The Kubernetes sweet-spot is running stateless microservices that can scale horizontally. By keeping state out of your application, Kubernetes can seamlessly add, remove, or restart pods to keep your service healthy and scalable. Developing a stateless application is, without question, the easiest way to ensure that your app can scale with Kubernetes. However, there are some workloads that do not run effectively in a stateless way, and for that, Kubernetes offers a few tools for developing stateful applications: leader election, StatefulSets and session affinity.

Leader election is typically used when you want only one instance of your service (one pod) to act on data at one time. For example, if you want to ensure only one instance of your service updates customer information at a time, you must lock the data that is being accessed. Typically, this locking is facilitated by a transactional database. But, if you are using an eventually consistent datastore, this locking is not usually guaranteed at the database level, meaning it is up to the application developer to implement safe locking. Since Kubernetes is backed by etcd, and etcd implements a consistent consensus protocol (raft) we can leverage Kubernetes primitives to perform leader election.

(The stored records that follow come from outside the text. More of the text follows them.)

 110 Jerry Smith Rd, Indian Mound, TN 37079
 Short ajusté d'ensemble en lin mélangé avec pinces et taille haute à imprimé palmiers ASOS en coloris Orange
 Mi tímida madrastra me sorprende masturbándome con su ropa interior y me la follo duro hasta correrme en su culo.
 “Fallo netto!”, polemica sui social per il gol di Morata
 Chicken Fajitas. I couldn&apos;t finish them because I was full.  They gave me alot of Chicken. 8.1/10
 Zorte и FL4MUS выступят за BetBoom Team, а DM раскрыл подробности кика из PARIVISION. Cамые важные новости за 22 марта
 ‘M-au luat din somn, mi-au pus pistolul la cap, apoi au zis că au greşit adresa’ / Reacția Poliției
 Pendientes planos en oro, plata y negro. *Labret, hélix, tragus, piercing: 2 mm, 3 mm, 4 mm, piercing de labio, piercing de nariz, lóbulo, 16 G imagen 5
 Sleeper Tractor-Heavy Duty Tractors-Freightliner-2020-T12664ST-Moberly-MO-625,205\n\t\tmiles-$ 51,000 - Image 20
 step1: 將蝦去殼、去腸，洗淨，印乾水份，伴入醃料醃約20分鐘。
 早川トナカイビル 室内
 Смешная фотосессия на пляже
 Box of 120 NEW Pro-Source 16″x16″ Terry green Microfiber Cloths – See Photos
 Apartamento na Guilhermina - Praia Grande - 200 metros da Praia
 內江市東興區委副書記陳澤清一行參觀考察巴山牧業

StatefulSets are used for building stateful distributed systems by providing a few key features: a unique index for each pod, ordered pod creation, and stable network identities. Together, these three features guarantee the ordering and uniqueness of the pods that make up your service. These guarantees are preserved across pod restarts and any rescheduling within the cluster, allowing you to run applications that require shared knowledge of cluster membership.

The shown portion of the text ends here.